___ DATASET RECORDS ___

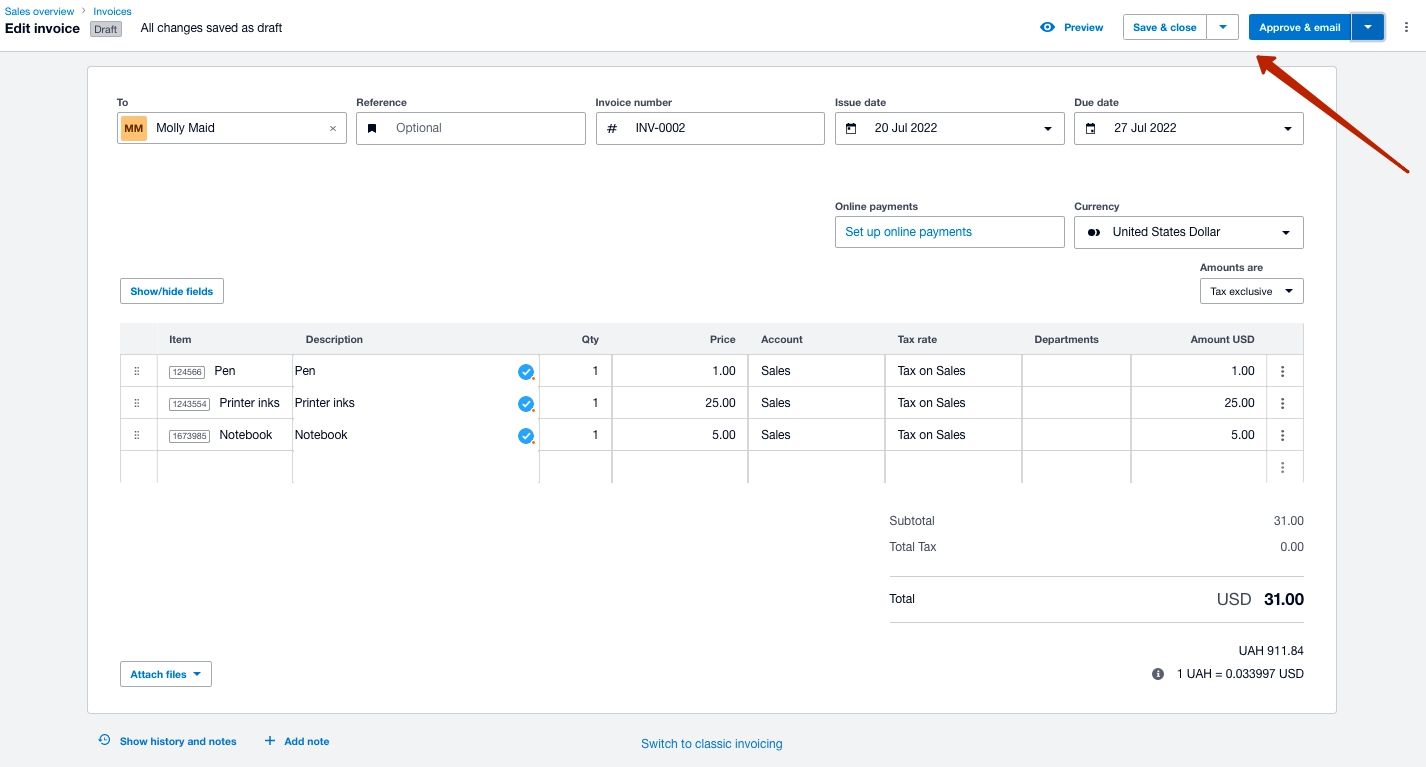 xero new invoicing step 6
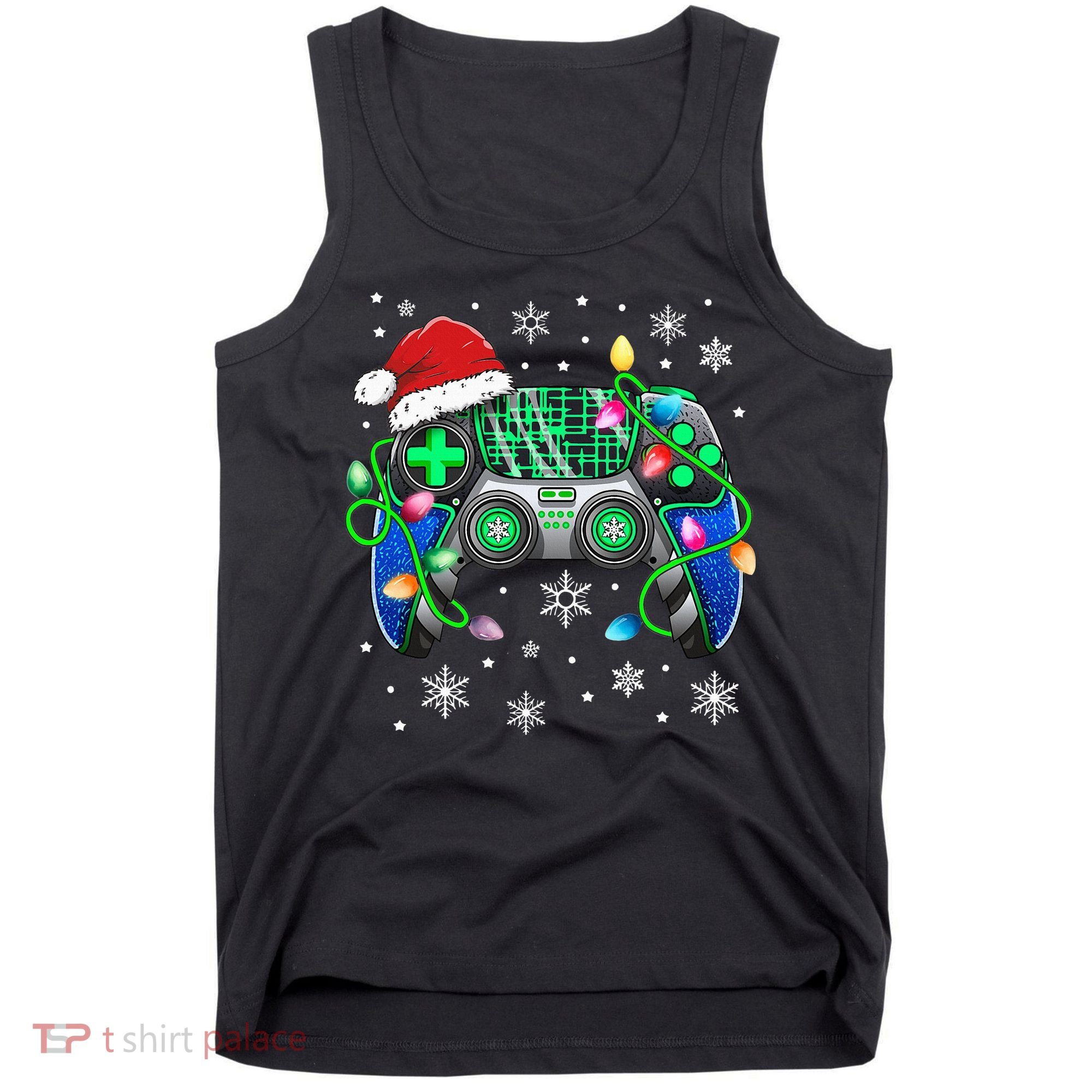 Video Game Controller Christmas Santa Hat Gamer Tank Top
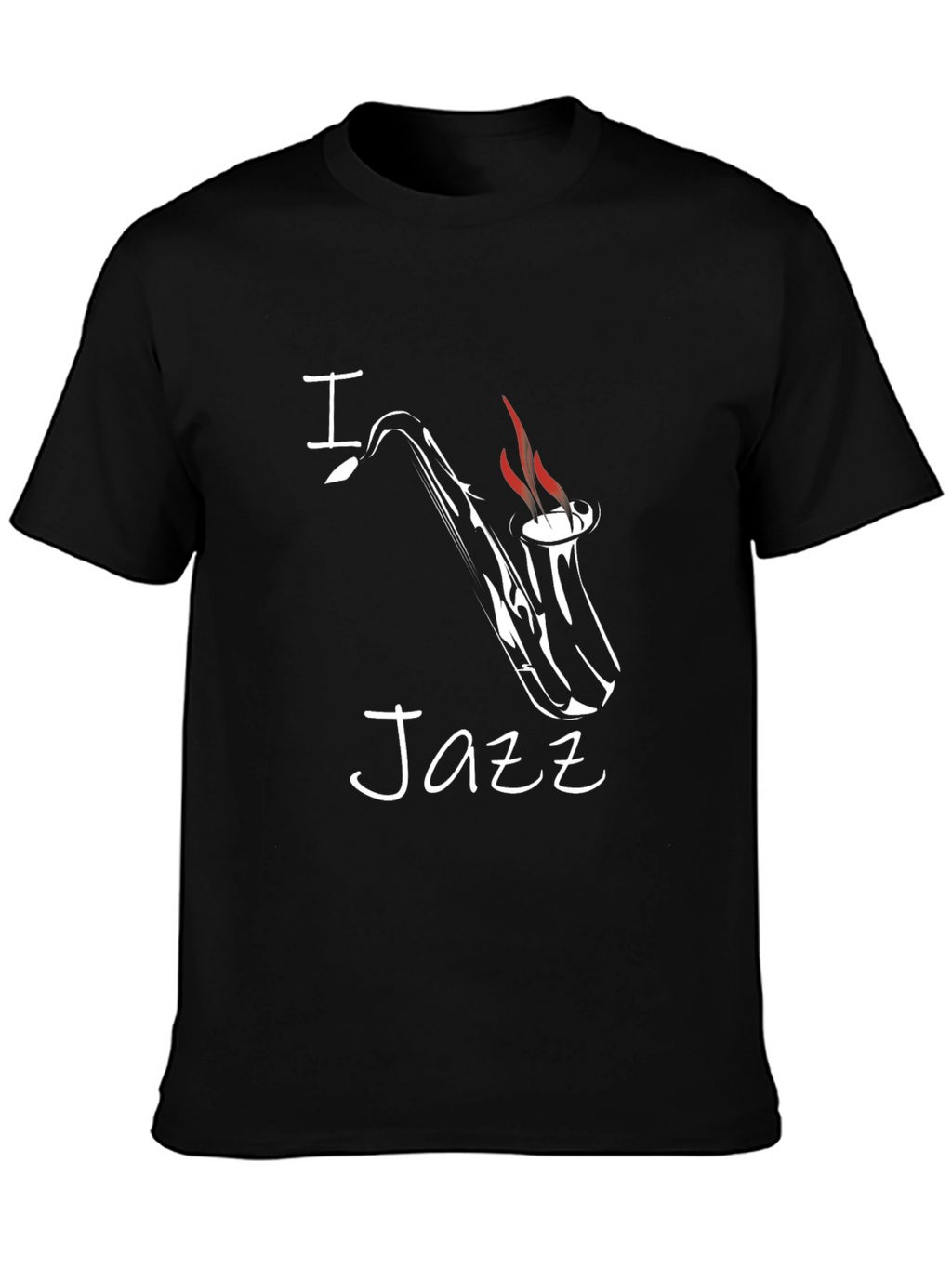 I Saxophone Jazz Graphic Tee - Black Cotton T-Shirt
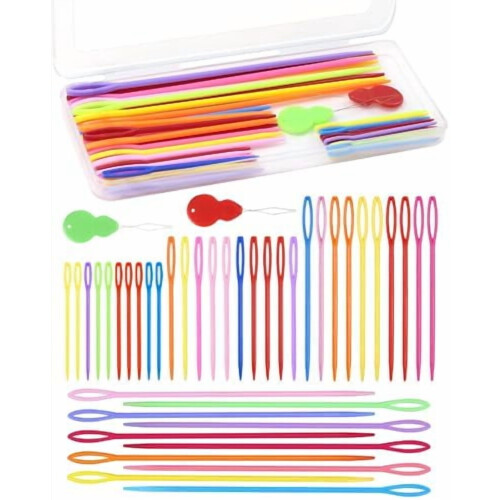 Plastic Needles Set 40 pcs with Threader and Box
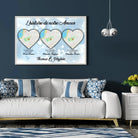 Tableau Lieu de Rencontre personnalisé histoire de notre amour accroché au mur, salon bleu foncé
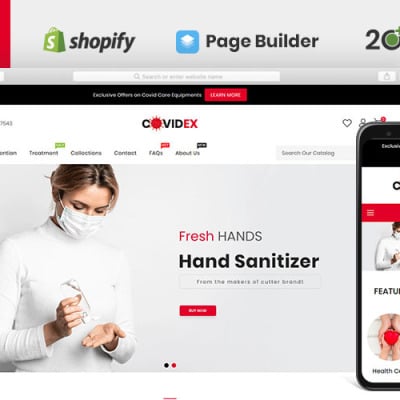 Template Shopify Responsive #103141 "Covidex Health + Medicine Online Store" #103141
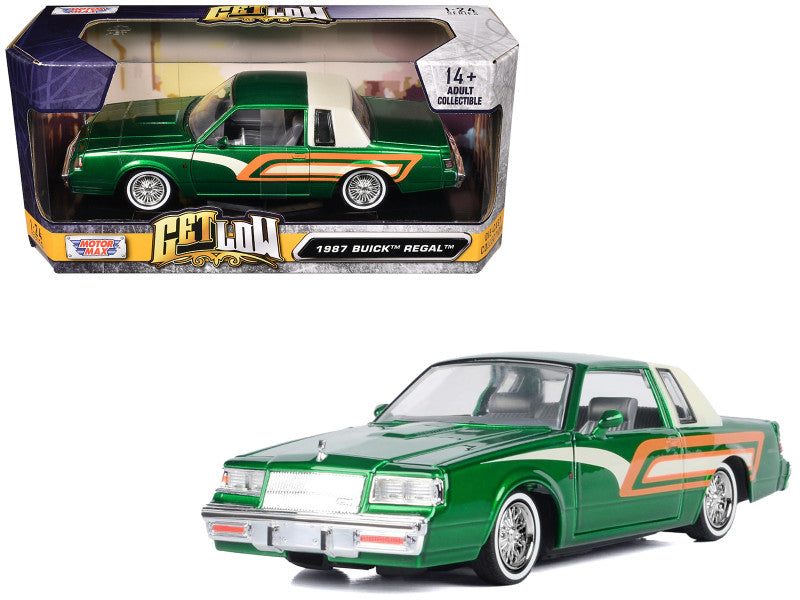 Motormax 1/24 1987 Buick Regal 3.8 SFI Turbo Green Metallic and Cream "Get Low" diecast car with opening hood and doors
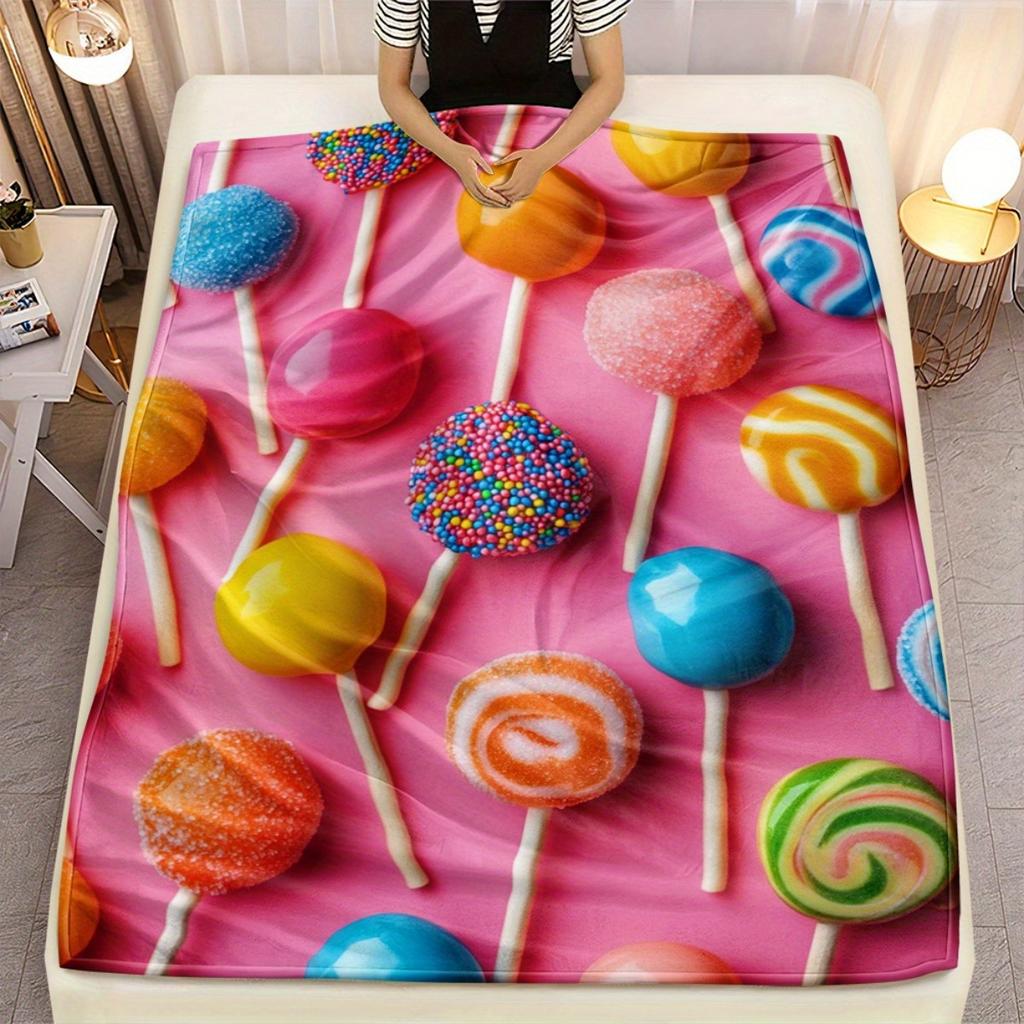 Colorful Candy Pile Print Flannel Blanket Lightweight Soft Warm Throw Sofa Bedroom Camping Travel Gift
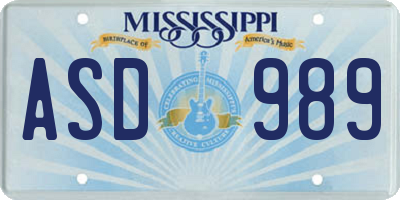 MS license plate ASD989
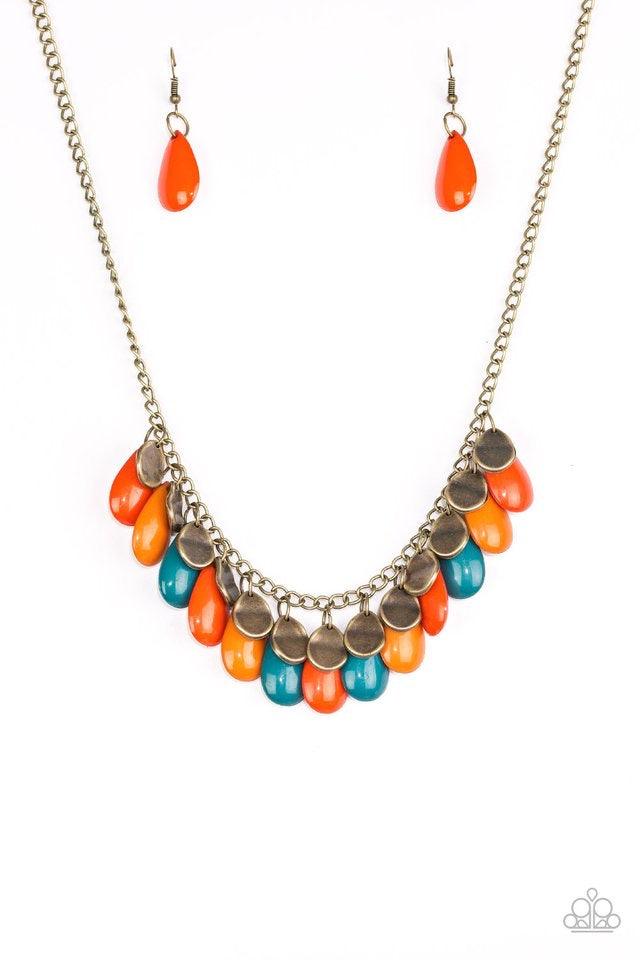 Paparazzi Accessories Tropical Storm ~Multi Polished blue, orange, and red teardrops drip from the bottom of a shimmery brass chain, creating a colorful fringe below the collar. Featuring a delicately hammered surface, dainty brass teardrops are sprinkled
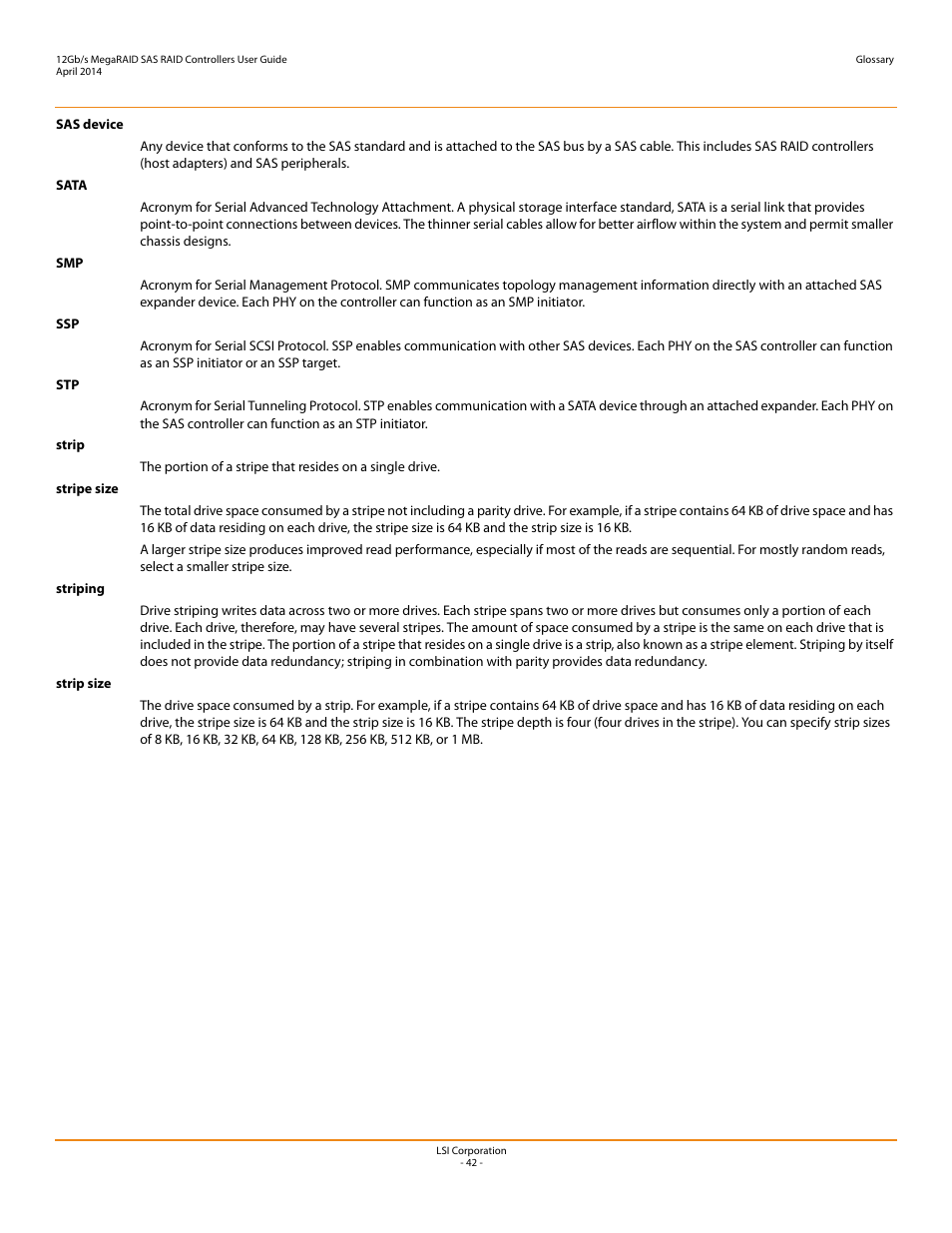 Avago Technologies Cache Protection for RAID Controller Cards User Manual | Page 42 / 43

___

- GOAL OF THE EXERCISE:
Look above for the line with "Video Game Controller"; quote it and every line after it, stopping after the line with "Motormax 1/24 1987", exactly, with nothing added and without pictures.

- TASK ANSWER:
 Video Game Controller Christmas Santa Hat Gamer Tank Top
 I Saxophone Jazz Graphic Tee - Black Cotton T-Shirt
 Plastic Needles Set 40 pcs with Threader and Box
 Tableau Lieu de Rencontre personnalisé histoire de notre amour accroché au mur, salon bleu foncé
 Template Shopify Responsive #103141 "Covidex Health + Medicine Online Store" #103141
 Motormax 1/24 1987 Buick Regal 3.8 SFI Turbo Green Metallic and Cream "Get Low" diecast car with opening hood and doors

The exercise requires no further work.